July 12, 2011

Defeat

It is so easy to feel defeated when I try to loose weight.  When I think about the many times I have tried and failed to loose weight I feel defeated and depressed.  It turns into a nasty cycle of defeat.  Here is usually how it works:  I get lazy and forget to workout or eat fast food or eat too many calories--- I feel guilty so I eat more--due to more eating I gain weight---eat more because of guilt---gain more weight---give up working out and trying to loose weight all together.  And on and on until I just balloon back up to my original weight, or higher.  This has been the cycle for the past 10 years, or more since High School.
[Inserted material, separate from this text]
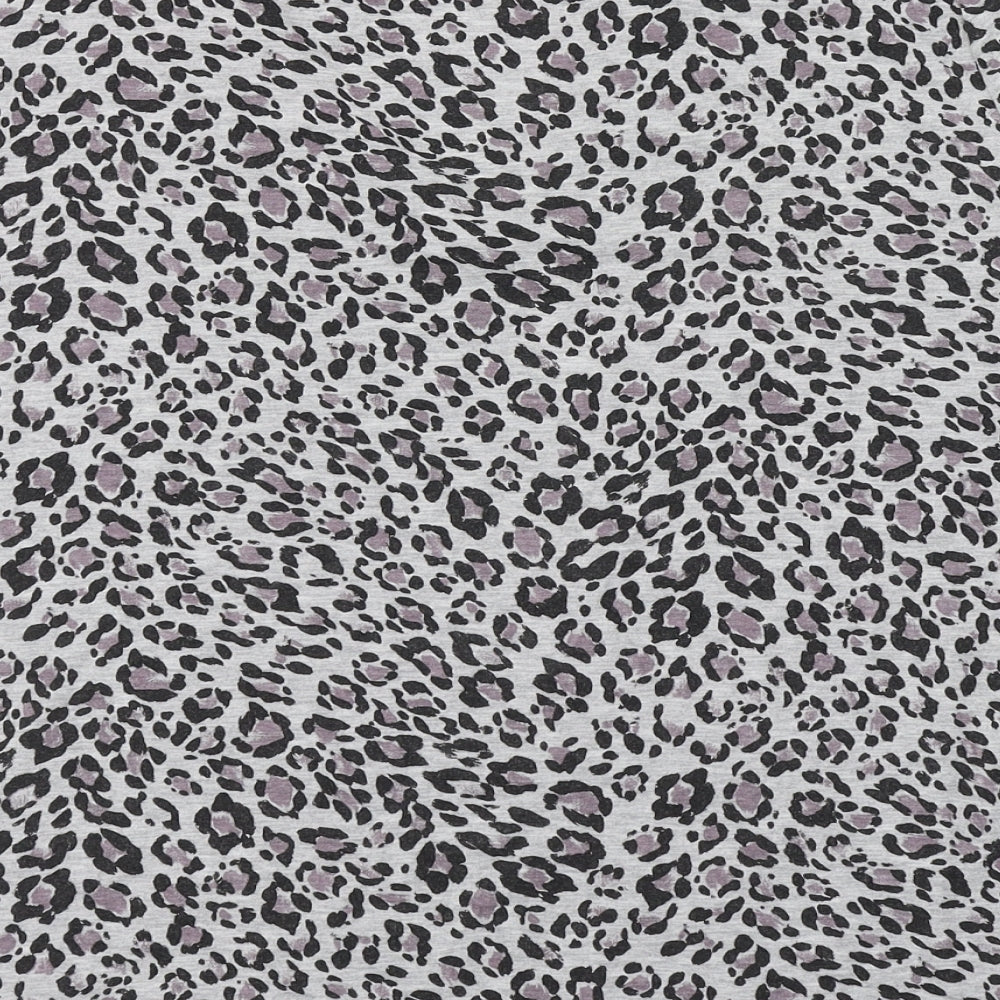 Sosandar Womens Grey Animal Print Polyester Basic T-Shirt Size 16 V-Neck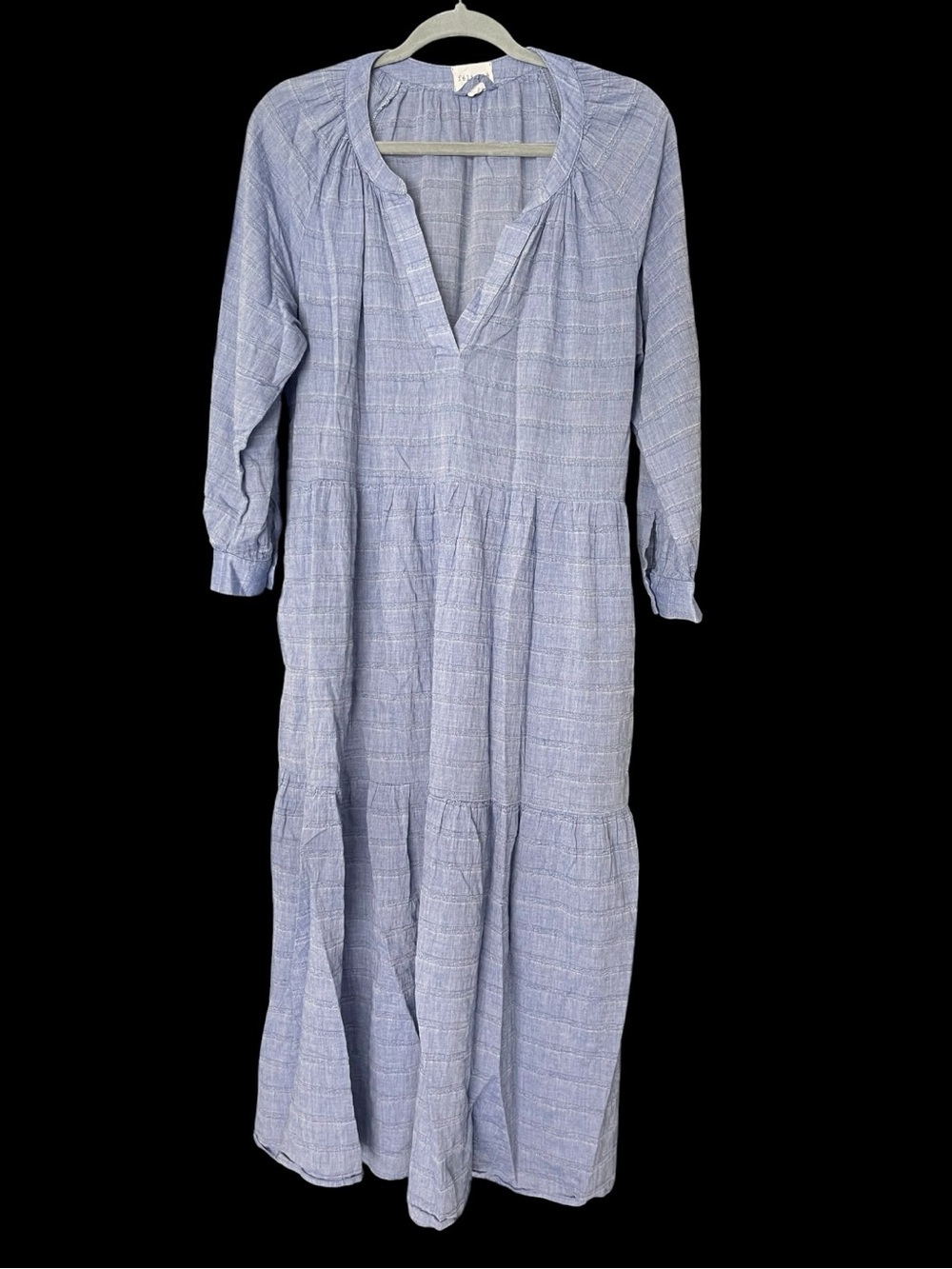 Felicite Blue Chambray Cotton Tiered Maxi Dress Women’s Size 2 Oversized Boho Pr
Today I have to realize that there will be bumps in the road and I will mess up every once in a while.  However, messing up doesn't have to mean giving up.  I can only be defeated if I allow myself to be.   Tomorrow is always a chance to change, a chance to do better.  Heck, the next minute is a chance to change and do better.  So, even though I may have a bump in my road to weight loss I will not be defeated this time.  I've already gotten over one bump in the road, the period of time when I fell off blogging for  a few months.  That could easily have been the latest defeat and I could have stopped trying then because I felt so guilty about not keeping up with the blog.  But, I didn't allow that to happen.  I got right back on and started right back up again with the blogging.